每年中秋节前,兔子能长到五六斤重,大的要靠近十斤左右,去供销社收购站卖兔子,是家里的喜事。大哥脾气有点倔,从不主动去,他不忍心看到自家的兔子离开家的那一幕。母亲把兔子装在箩筐,挑着担子,边走边盘算卖兔子的钱该怎么花销。我和弟弟跟着母亲,时前时后。母亲除了买几斤做月饼的糖,也少不了花两分钱买四颗水果糖,母亲偷偷塞进我们俩的口袋,每人两颗,还反复交待:“你们俩小,吃个糖蛋蛋解解馋。”我把含在嘴里的糖蛋蛋,送回母亲的嘴里,母亲舔了舔说:“真甜,妈不吃娃吃,吃了就能长个子。”末了,母亲又抓起一撮红糖塞进我们的嘴里,糖融化成糖水,顺着喉咙管一直甜到心底。

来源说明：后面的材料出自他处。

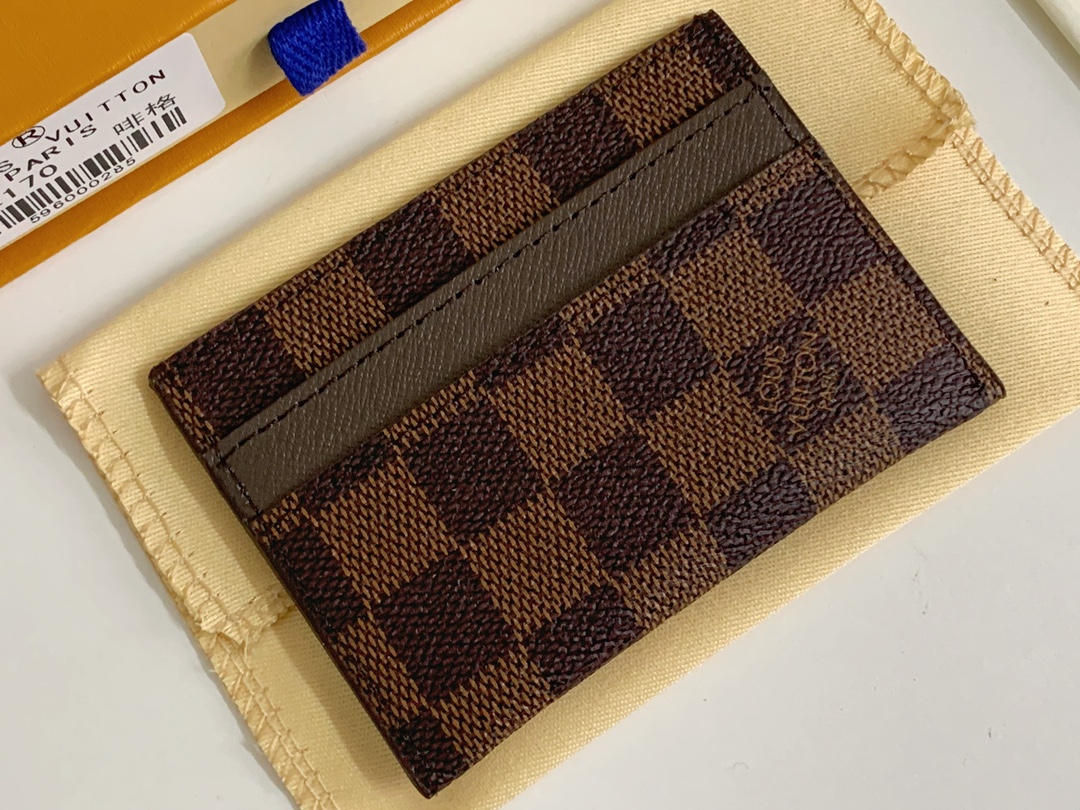 【LOUIS VUITTON】パスケース  7x11x2cm  -7色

二姐从小跑得快,一进农历八月,就开始打听谁家有扣月饼的模子,都是什么图案,以备到时多借几种模子,让母亲多烙些各式各样的月饼。到了八月十五这天,母亲就会早早地把面粉倒进锅里用小火炒好,然后按一定比例掺进点油和水,再慢慢揉搓成长条;像做馒头一样切成一小块一小块,用擀面杖擀成圆圆的面饼。月饼皮是死面的,扣出来的月饼不变形,再裹进用红糖和玉米面等制作好的馅料,然后轻轻把包着馅料面饼的边缘紧紧捏在一起,月饼的雏形就出来了,就等二姐借来的月饼模子的到来。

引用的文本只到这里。